SATURDAY, Sept. 8, 2018 (HealthDay News) — With the U.S. Open championship set to conclude Sunday in New York City, a new study shows that male and female professional tennis players have the same rate of age-related declines in physical ability.
This was a surprising finding because men and women have different patterns of aging, according to the researchers at the University of Exeter in England.
The researchers’ analysis of data on first-serve speed and accuracy among 100 of the world’s top male and female players revealed peaks in power (about age 26) and accuracy (about age 28), followed by declines in both.
“We know men and women age differently, and wanted to test when these differences start to emerge,” researcher Ruth Archer said in a university news release.
“We know, for example, that women live longer than men, but have poorer health later in life. And studies in other sports have suggested women’s performances begin to decline earlier than men,” she added.

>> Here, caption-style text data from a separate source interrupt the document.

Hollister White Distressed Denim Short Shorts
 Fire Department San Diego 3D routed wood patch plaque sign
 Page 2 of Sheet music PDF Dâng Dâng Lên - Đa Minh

“However, we found remarkably similar patterns of performance decay in male and female tennis players,” Archer said.
“One possible explanation for this is that we studied a dataset of ‘outliers’ — people at the upper extreme of human capabilities,” she said. “Alternatively, selection may not lead to the evolution of differences at this age as they do later in life.”
The researchers also found that men serve faster, but less accurately, than women. In both sexes, accuracy tended to increase as power declined, according to the study published recently in the journal Behavioral Ecology.